Outstanding charges, body corporates and sales in execution

Recently our Supreme Court of Appeal had to consider whether a purchaser was entitled to only pay for outstanding levies of a sectional title property that was sold in an execution sale or also the other outstanding charges such as water, sewerage etc. where the terms of the execution sale only required payment of the outstanding levies. In effect, the court had to consider whether a body corporate could be forced to accept a lesser amount because of the terms of a sale in execution.

The body corporate of a sectional title scheme is provided with certain functions and responsibilities in terms of the Sectional Titles Schemes Management Act 8 of 2011 (“STSMA”), of which some of the well-known functions are to require the owners of the scheme to contribute to the funds of the scheme by way of normal and special levies and to maintain the scheme. 

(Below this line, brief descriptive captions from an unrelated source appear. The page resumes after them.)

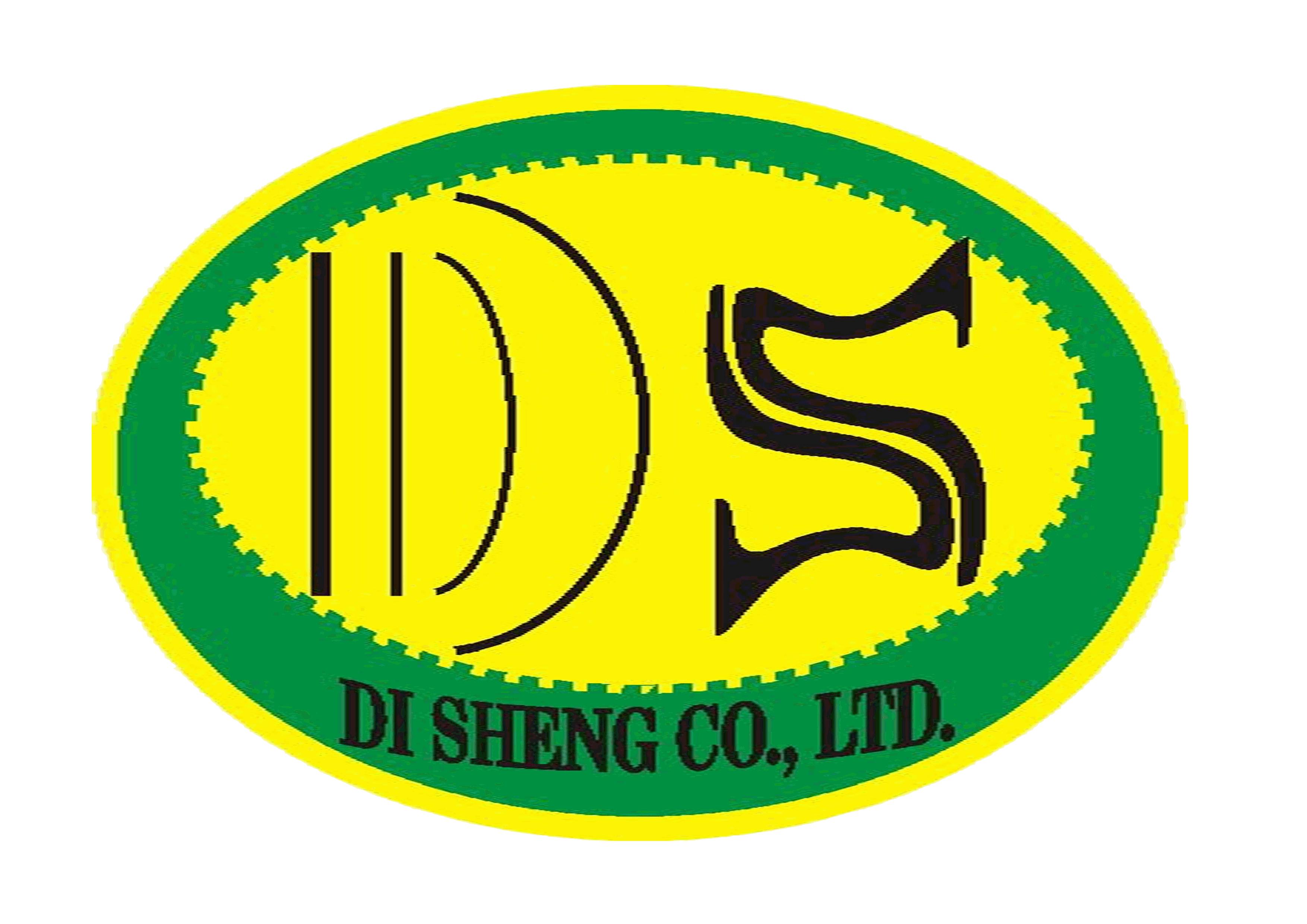 DS LOGO.gif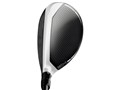 SIM MAX ���X�L���[ ���[�e�B���e�B�[ [MCI 120 �t���b�N�X�FS ���t�g�F19]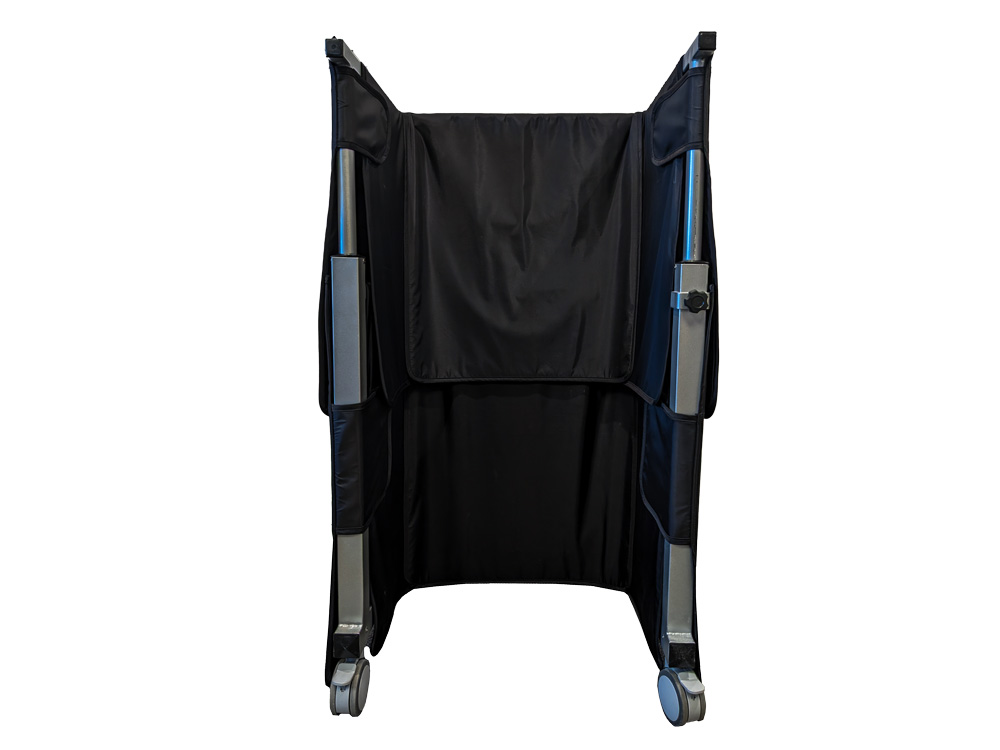 Mobile-Barrier_T2-Adjustable-Mobile-Barrier_BACK Mobile-Barrier_T2-Adjustable-Mobile-Barrier_BACK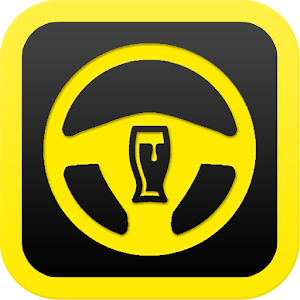 DriveSober 1.2.0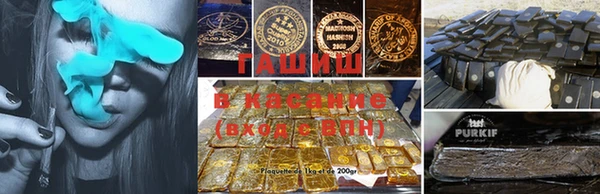 кокс Гусев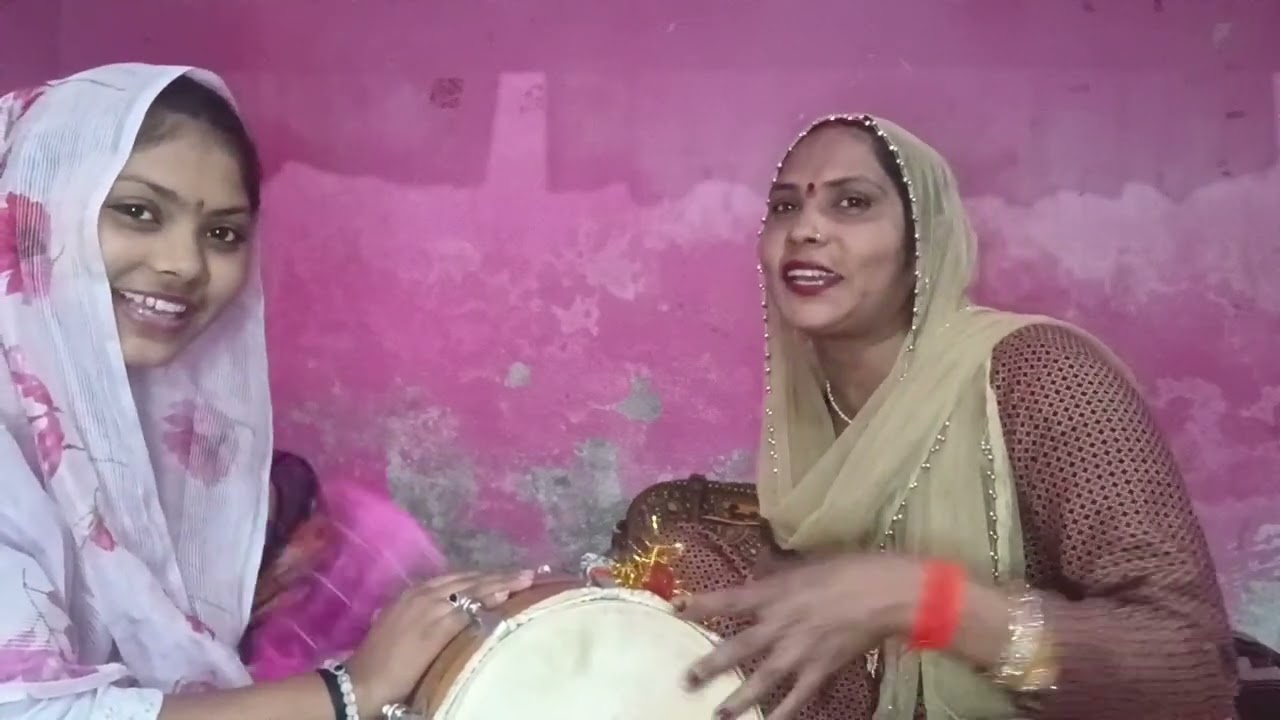 Ghotan de bhole nath bhngiya ghotan de # new bhajan #long video #🙏🙏😊😊😊😊
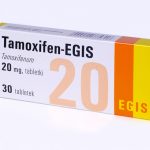 Tamoxifen, a brązowa tkanka tłuszczowa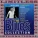 Bessie Smith - Do Your Duty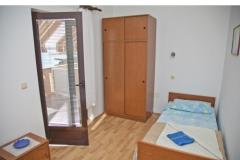 Apartamenty Komešić Apartament 4 – Apartman 4 foto 5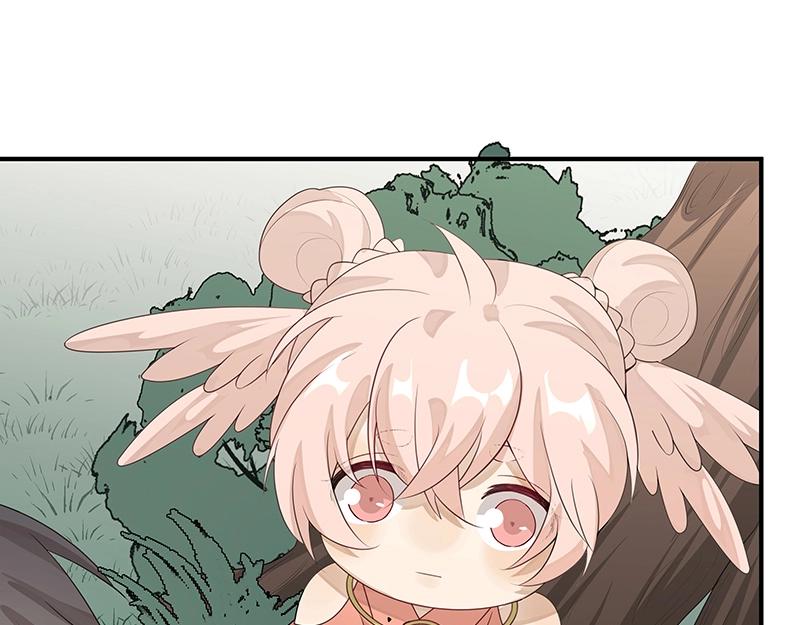 第51话 化解矛盾的方法(1/3)-第51话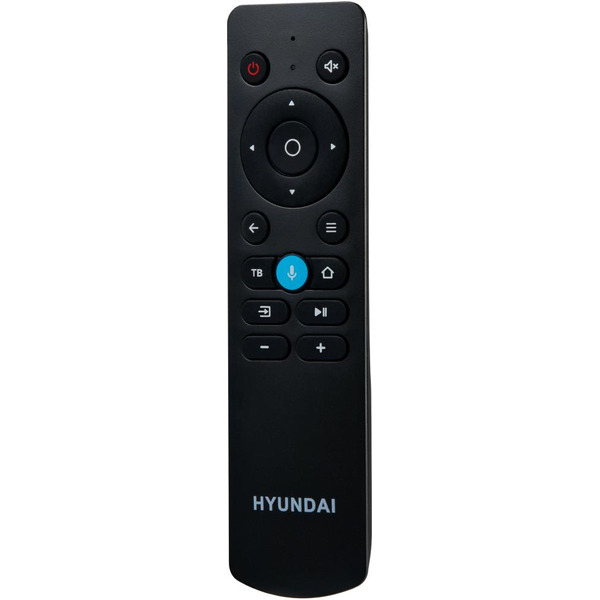 Телевизор Hyundai H-LED40BS5003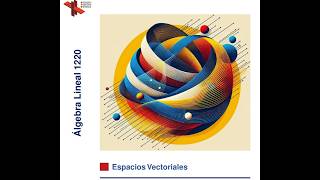 SOLUCION DE LA SERIE 2 ALGEBRA LINEAL FI UNAM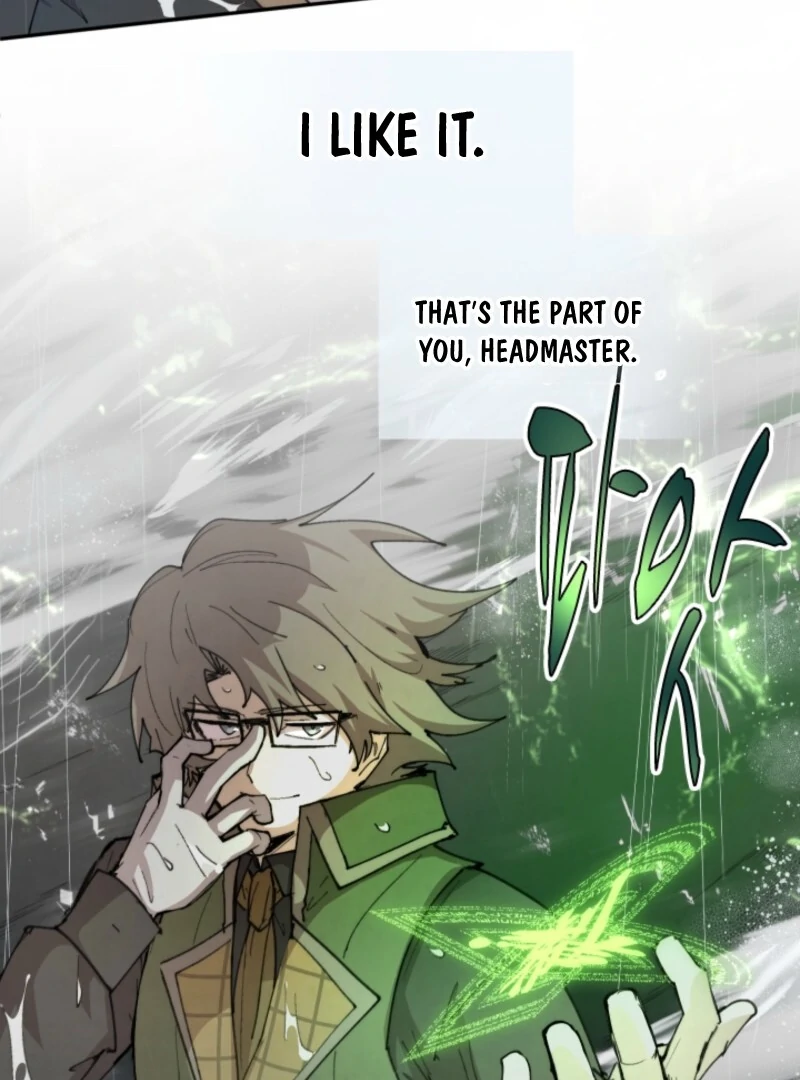 The Great Mage of the Hero’s Party Reincarnates Chapter 97 341 019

The Sectional Titles Act 95 of 1986 further provides that when a sectional unit is to be transferred in the deeds office, the Registrar of Deeds is not allowed to register the transfer of the unit, unless provided with a conveyancer‘s certificate confirming that, on date of registration of the transfer of the unit, the body corporate has certified that all money due to the body corporate in respect of the unit have been paid, or that provision for the payment of the money due has been made to the satisfaction of the body corporate.

The question with regards to whether the body corporate can be forced to ask a lesser amount than what is due on a sale of execution transaction was recently discussed in a Supreme Court of Appeal (“SCA”) case in which the buyer refused to pay the full amount as provided by the body corporate on the basis that the conditions of sale that were signed at the auction did not make provision for all the charges provided but only stated that “all levies due to the body corporate” are payable. 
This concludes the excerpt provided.